Please repeat exactly the lines below from the line with "Soft Whispers: Pastel Abstract Flow" to the line with "Original Figurative Nude Painting by Adela V", including both, and leave out every picture.

- _The input_
==========

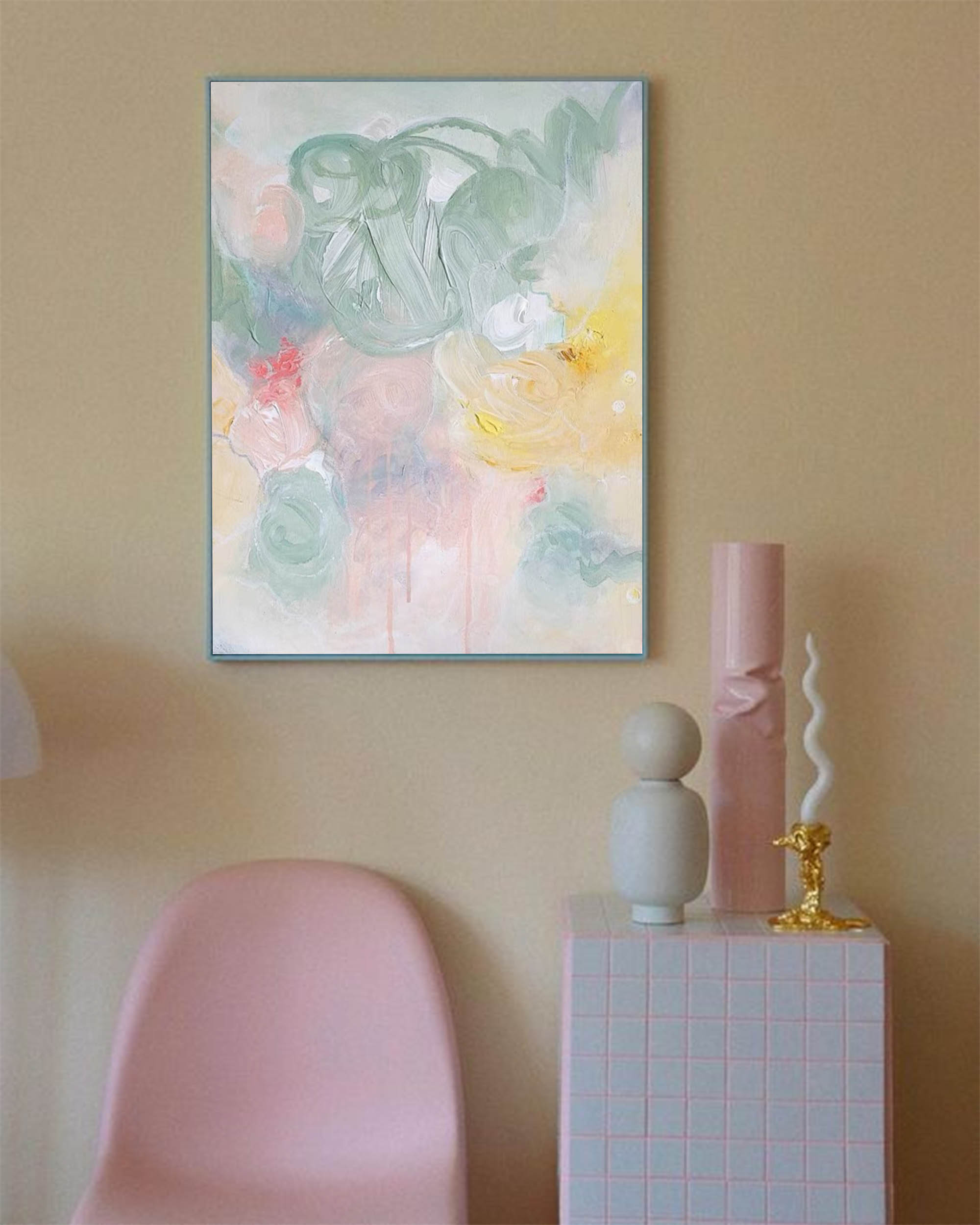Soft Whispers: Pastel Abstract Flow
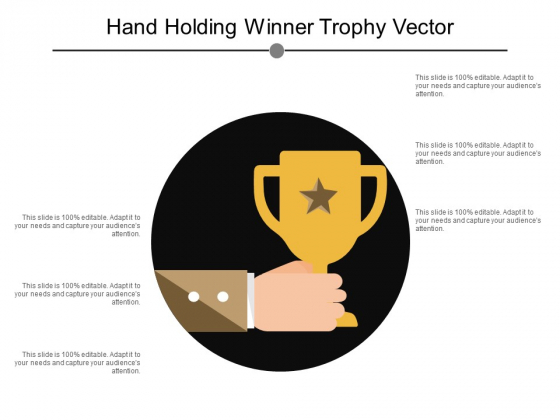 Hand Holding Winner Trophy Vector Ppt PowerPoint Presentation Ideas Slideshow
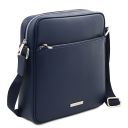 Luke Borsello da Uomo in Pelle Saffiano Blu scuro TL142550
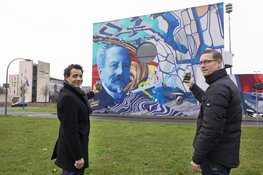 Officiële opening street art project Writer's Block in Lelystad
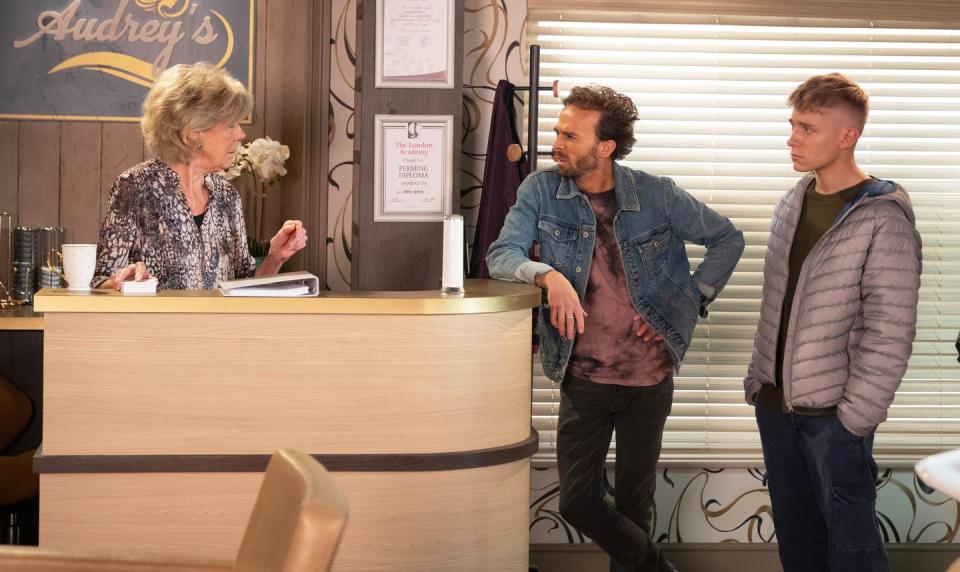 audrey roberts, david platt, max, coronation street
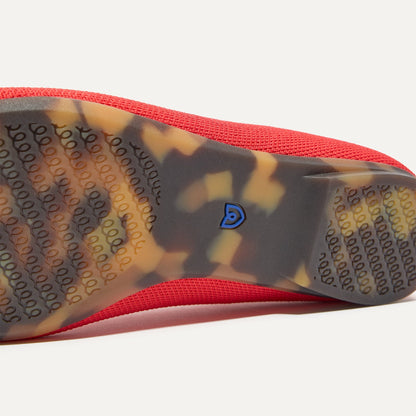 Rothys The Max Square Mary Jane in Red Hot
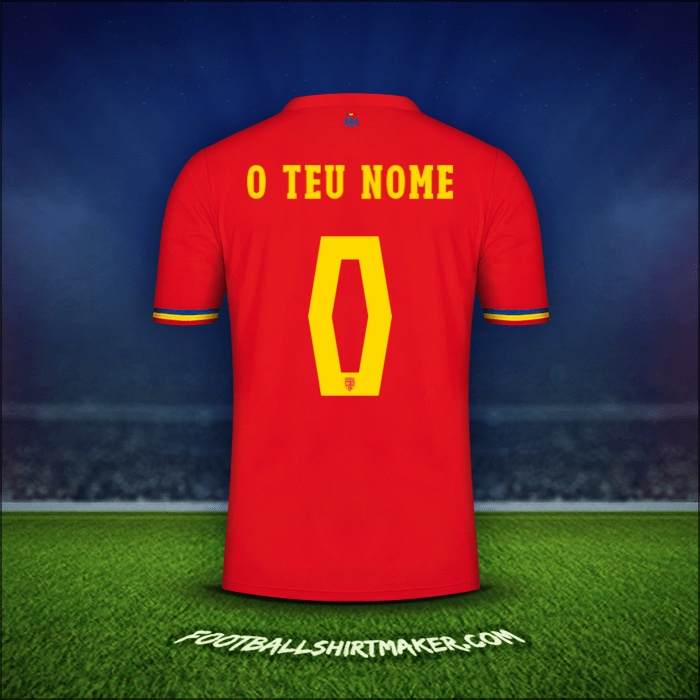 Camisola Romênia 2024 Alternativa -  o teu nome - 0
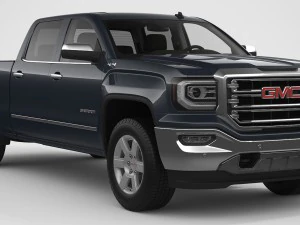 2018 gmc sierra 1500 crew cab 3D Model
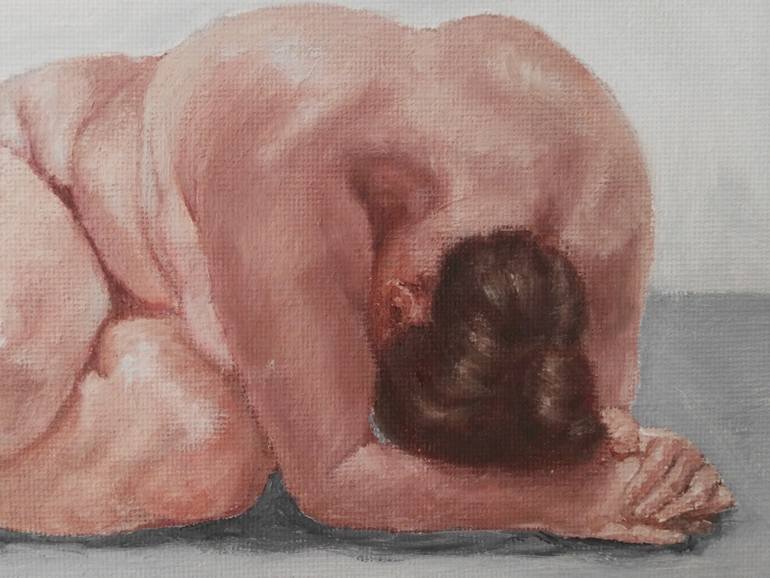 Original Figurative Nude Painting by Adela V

==========

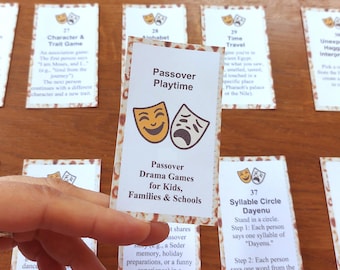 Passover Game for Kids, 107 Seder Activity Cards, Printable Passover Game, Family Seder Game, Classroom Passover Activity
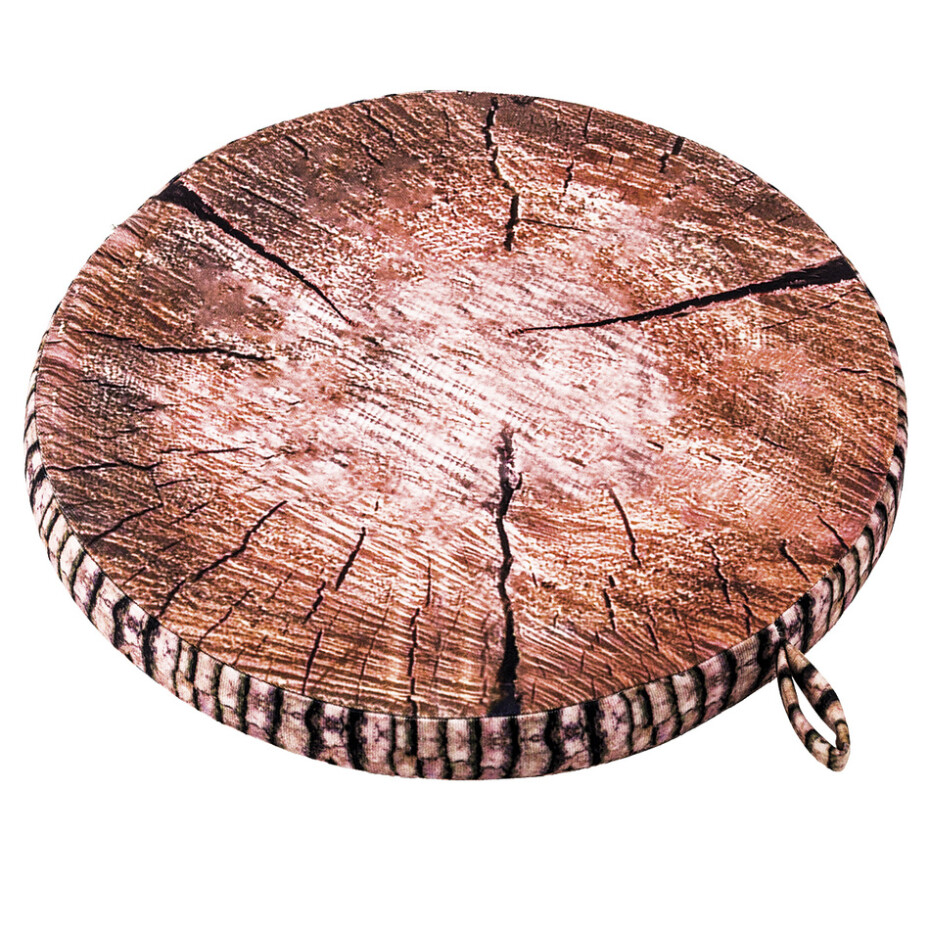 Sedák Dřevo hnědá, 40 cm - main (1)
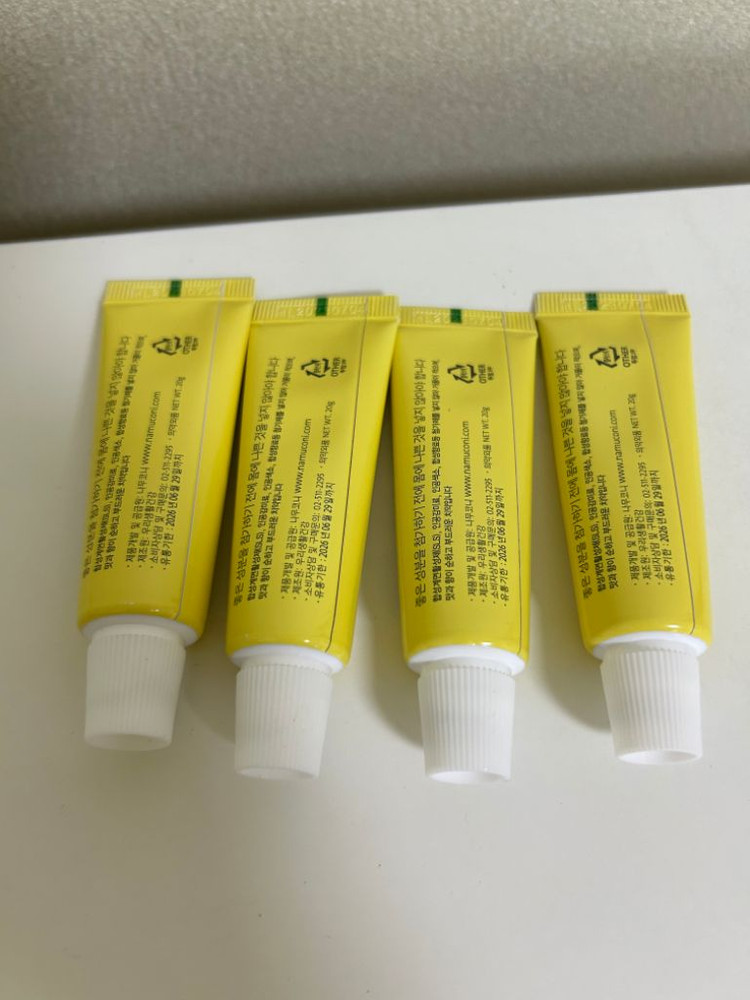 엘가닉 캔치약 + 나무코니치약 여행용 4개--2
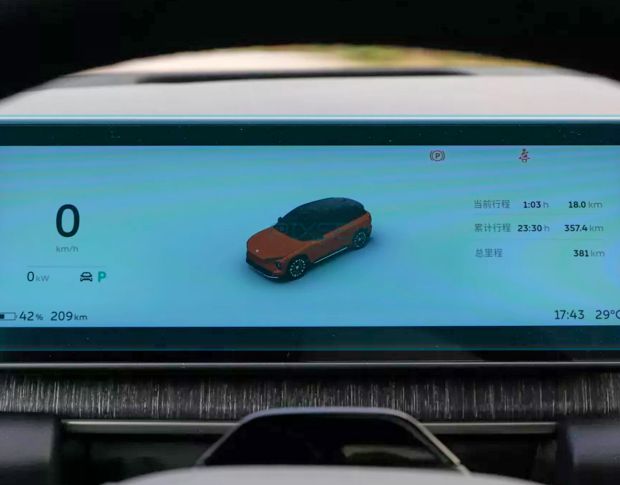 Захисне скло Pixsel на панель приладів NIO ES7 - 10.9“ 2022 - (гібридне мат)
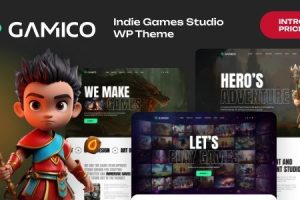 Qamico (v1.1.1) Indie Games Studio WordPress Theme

==========

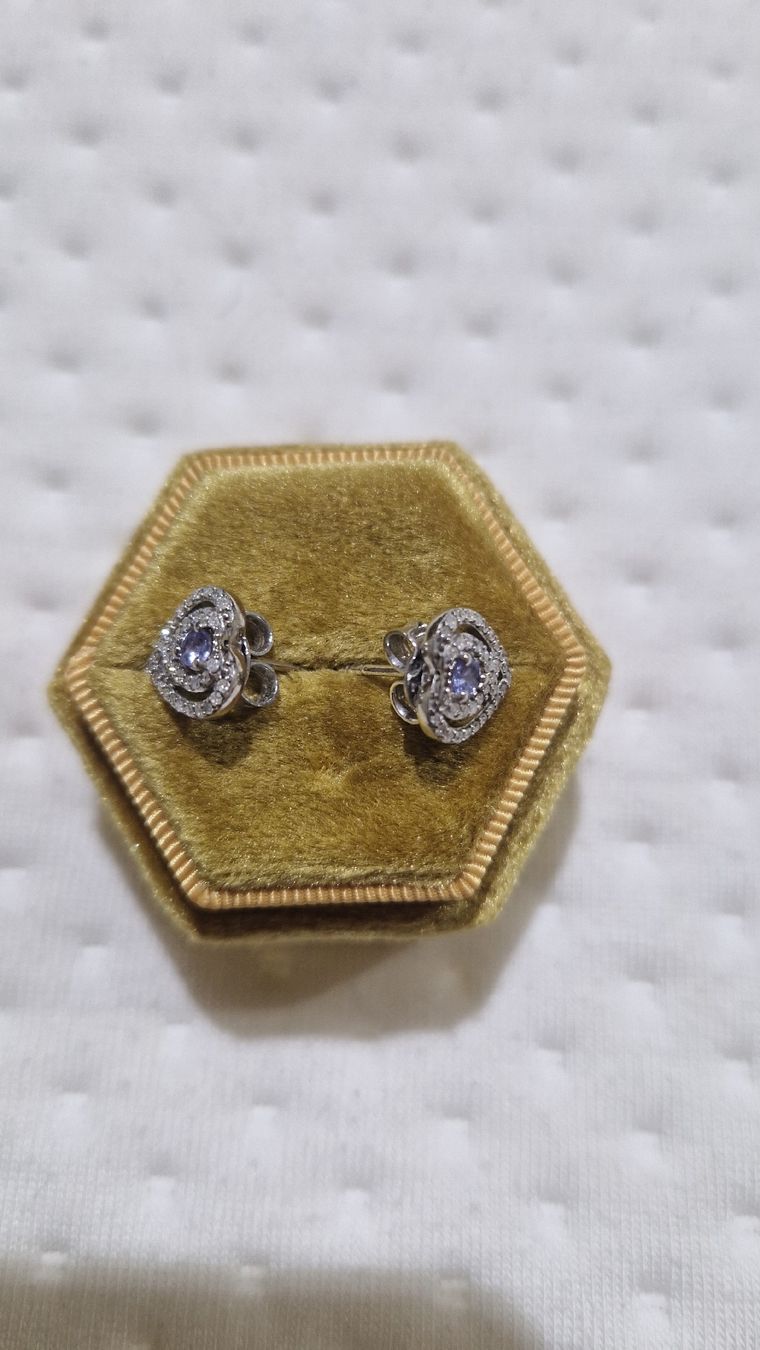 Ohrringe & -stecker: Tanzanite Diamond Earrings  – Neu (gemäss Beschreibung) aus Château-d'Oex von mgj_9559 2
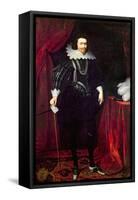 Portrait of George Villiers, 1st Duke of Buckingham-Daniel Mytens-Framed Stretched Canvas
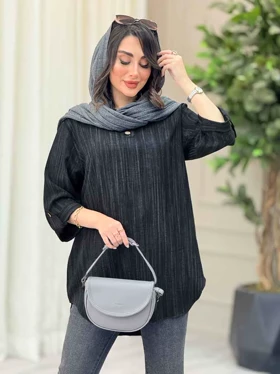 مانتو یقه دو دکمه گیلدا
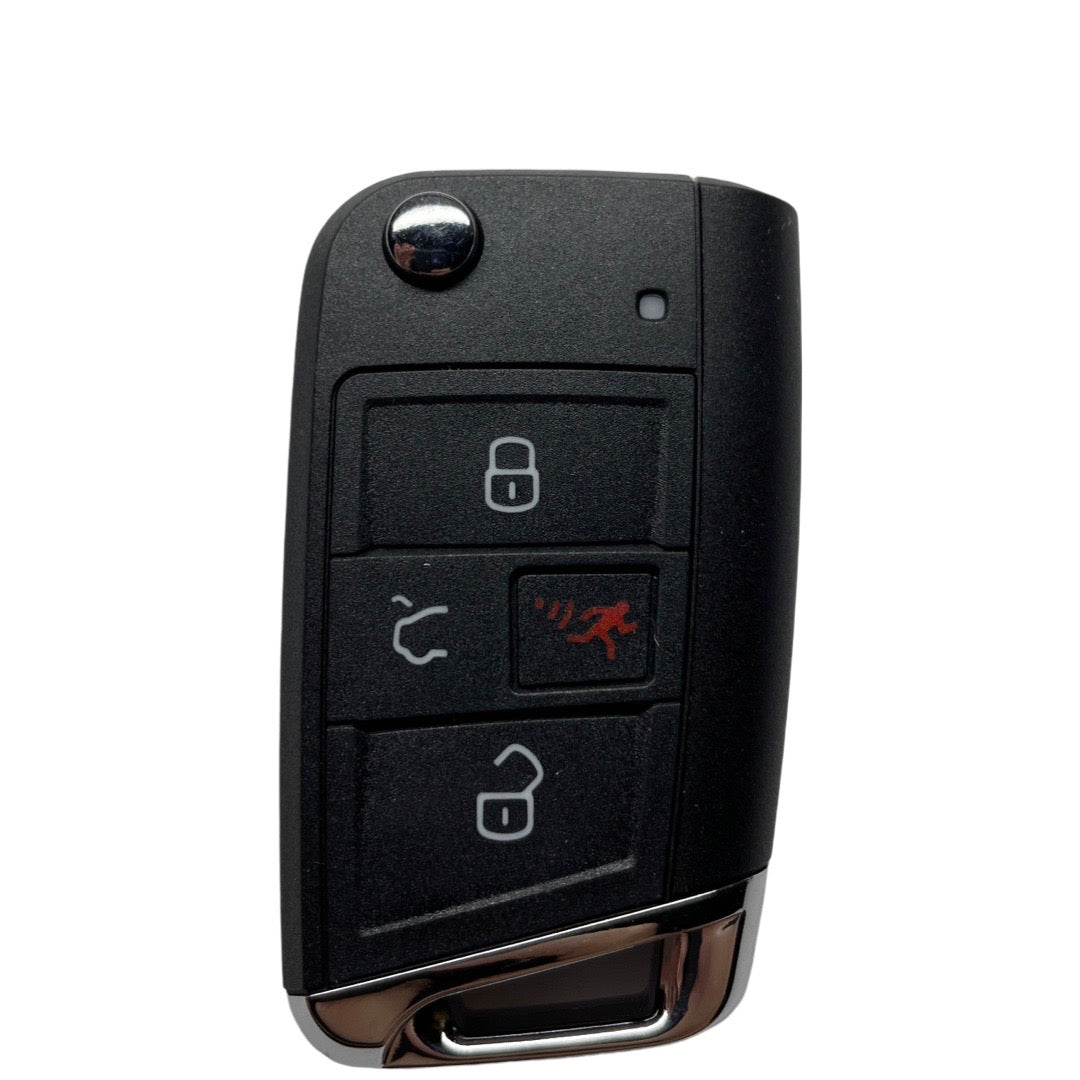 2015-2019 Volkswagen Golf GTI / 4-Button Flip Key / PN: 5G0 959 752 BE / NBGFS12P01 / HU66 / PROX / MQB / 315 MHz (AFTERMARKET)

==========

- _Exercise result_
Soft Whispers: Pastel Abstract Flow
 Hand Holding Winner Trophy Vector Ppt PowerPoint Presentation Ideas Slideshow
 Luke Borsello da Uomo in Pelle Saffiano Blu scuro TL142550
 Officiële opening street art project Writer's Block in Lelystad
 audrey roberts, david platt, max, coronation street
 Rothys The Max Square Mary Jane in Red Hot
 Camisola Romênia 2024 Alternativa -  o teu nome - 0
 2018 gmc sierra 1500 crew cab 3D Model
 Original Figurative Nude Painting by Adela V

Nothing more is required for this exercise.